46   indigenous   2014 Mar 19, 7:13am  

smaulgld says

It was fame & power.

Maybe, but I think my take is more accurate. His wife is quite doable, she hales from NBC which makes her mutually exclusive to Austrian economics, this would put poor Alan at her mercy...

47   smaulgld   2014 Mar 19, 9:22am  

spydah_hh says

The hype and herd mentality that is created by cheap money from the FED, yes

Not all bubbles however are created by the Fed.

The stock market bubbles are a direct result of Fed policy as was the housing bubble in the 2000's and the housing price bubble of the past two years.

The Fed admits that their policies are designed to raise asset values in stock and real estate markets to create a wealth effect-they just don't call rising stock and real estate prices, bubbles when the underlying fundamentals don't support the valuations, they call it a success.

48   smaulgld   2014 Mar 19, 9:25am  

bgamall4 says

Remember what that Republican guy from Alabama said? He said the regulators exist to serve the banks.

Bank regulation unfortunately exists to keep the big banks entrenched Look at the many fines that have been levied against citibank, jp morgan etal in the billions of dollars in the past few years. Only the big banks can pay those types of fines, smaller banks can't afford the compliance and legal fees and fines.

Holder even admitted they really can't regulate the banks because of the impact that bringing down one of those banks would have on the economy- a startling admission that the banks control the country

49   smaulgld   2014 Mar 19, 9:32am  

bgamall4 says

Our nation is not powerful enough to stop the Fed or decide. Look at when Tim Geithner was forced on the treasury as a Fed Mole. The guy actually gave money to banks everywhere to cover AIG's mistakes, and he did so at the behest of the Fed.

True and Geither actually did some document cover up for AIG-straight up criminal act and nothing happened.

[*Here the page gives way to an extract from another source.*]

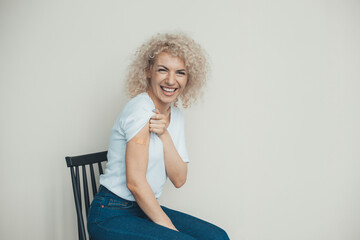 Happy caucasian woman showing vaccinated arm with adhesive bandage. Curly hair. Adult immunization,...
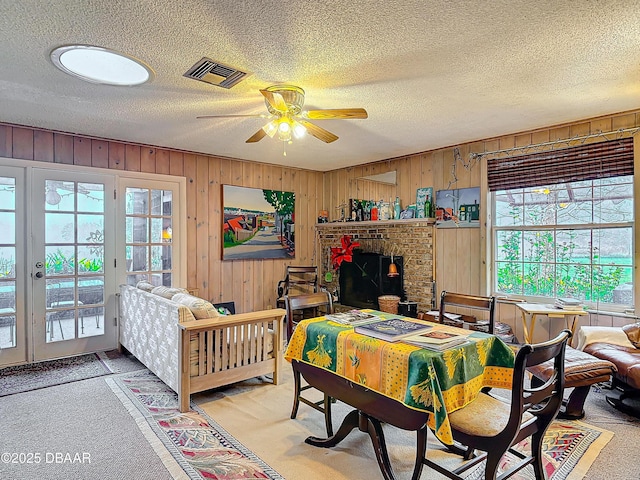 bedroom with visible vents, a textured ceiling, a brick fireplace, and access to exterior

http://www.businessinsider.com/the-25-billion-dollar-secret-the-ny-fed-goldman-and-the-aig-cover-up-2009-11

and then there was the issue of his personal taxes and failing to report portions of his income for two years and he still became treasury secretary http://blogs.wsj.com/washwire/2009/01/21/turbotax-responds-to-treasury-nominees-disclosure/

50   smaulgld   2014 Mar 19, 9:33am  

indigenous says

Maybe, but I think my take is more accurate. His wife is quite doable, she hales from NBC which makes her mutually exclusive to Austrian economics, this would put poor Alan at her mercy...

fame power and women- all human weaknesses

51   smaulgld   2014 Mar 19, 9:34am  

Its part bad monetary policy and part fraud working together

52   spydah_hh   2014 Mar 19, 11:55am  

smaulgld says

spydah_hh says

The hype and herd mentality that is created by cheap money from the FED, yes

Not all bubbles however are created by the Fed.

The stock market bubbles are a direct result of Fed policy as was the housing bubble in the 2000's and the housing price bubble of the past two years.

The Fed admits that their policies are designed to raise asset values in stock and real estate markets to create a wealth effect-they just don't call rising stock and real estate prices, bubbles when the underlying fundamentals don't support the valuations, they call it a success.

No, all bubbles were created by the FED. Now if you're speaking of recessions then I'd agree not all recessions are created by the FED.

A recession can be caused by a bubble which effects the entire economy in all sectors now a recession that's not created by a bubble normally does not effect the entirety of the economy.